It might not have the glamour or spectacular beauty of Rio De Janeiro, but Agadir City, where Bafana Bafana will play the Atlas Lions on October 11 does, with a quick glance at the ever-reliable internet, look to have some nice long sandy beaches of its own.

And when you’ve failed to make it for a World Cup finals, your inability to qualify for major tournaments once again sticking out like the sorest of thumbs, you have to cling on to the most tenuous of positives.

Bafana have been invited to Agadir by fellow World Cup flops Morocco, as part of the celebrations of the opening of the literally named Agadir New Stadium (in 10 years time will they call it the Agadir Not-So-New Stadium?).

The stadium will be used in Morocco’s hosting of the 2015 Africa Cup of Nations, now the next dream available to Gordon Igesund’s side.

Igesund said yesterday, with supreme confidence, as he announced the squad for the Morocco friendly, that Bafana would make it to both the 2015 Africa Cup of Nations and the 2018 Fifa World Cup in Russia.

I’m not quite sure on what factual basis Igesund made these brash statements, but hey, I started this column rambling on about beaches.

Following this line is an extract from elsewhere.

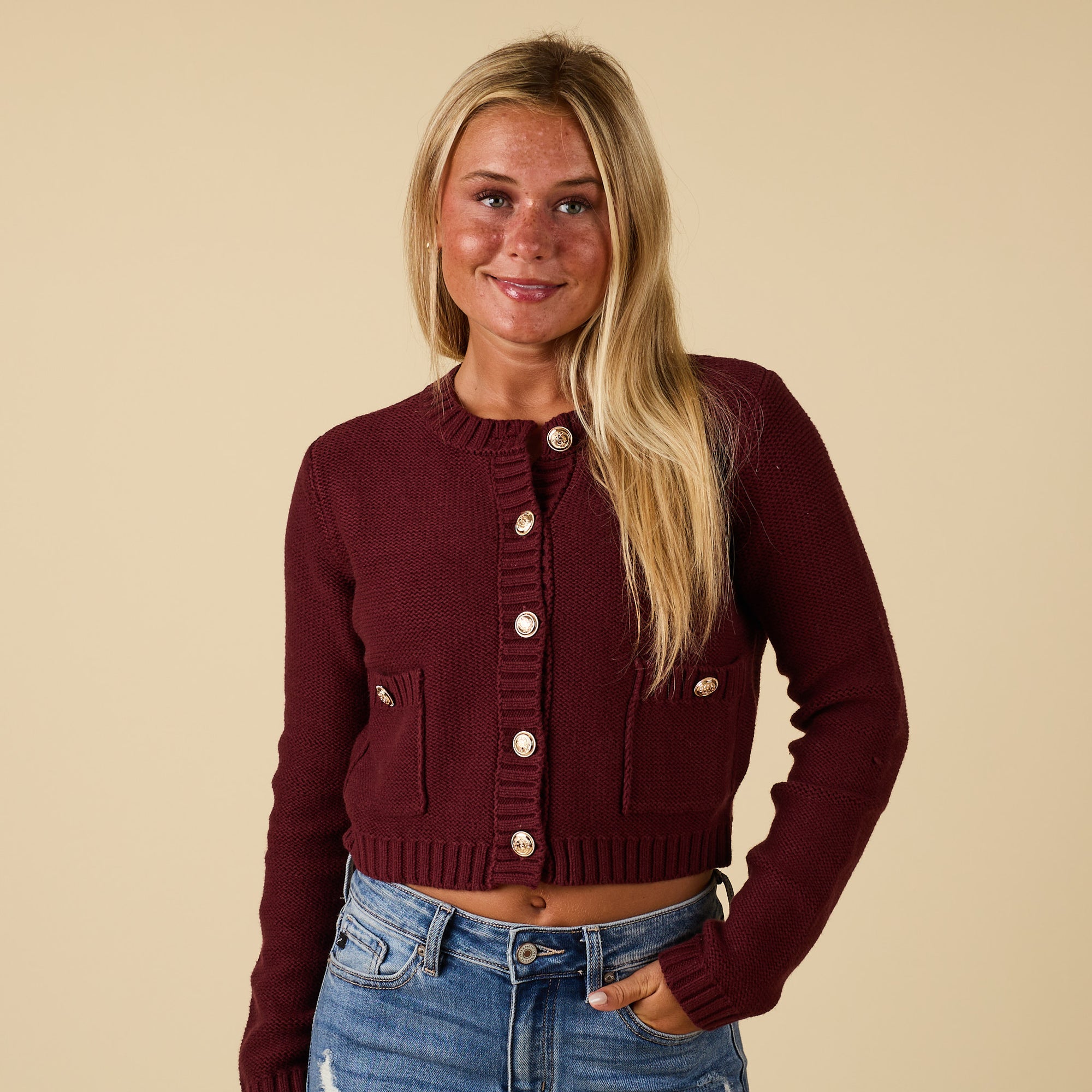 Front view of redwood cropped cardigan sweater with gold-tone button closure and patch pockets.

I will say, that Igesund deserves the chance to take Bafana, at the very least, into qualifying for Morocco 2015 at the end of next year.

His contract expires at the end of the World Cup in Brazil, but my hope is that Danny Jordaan and the South African Football Association give him at least one more chance.

When Igesund says he won “three out of four” World Cup 2014 qualifiers at the helm and “can’t do more than that,” it does not take an owner of a calculator to work out the problem. Gordon, you could have won against Ethiopia in Addis Ababa. That, sir, would have been “more than that”.

Yet my statistical pedantry, if you will, is also slightly disingenuous.

Igesund did lose to Ethiopia, but he did also take over a side that had two points from their opening two qualifiers. It is impossible to know whether the Bafana coach would have done better than Pitso Mosimane or Steve Komphela managed in games at home to Ethiopia or away to Botswana.

But there is no-one who can say the man does not deserve an entire qualifying campaign to himself, before casting him aside. His guiding of Bafana to the quarter-finals of the 2013 Africa Cup of Nations also had plenty of merit.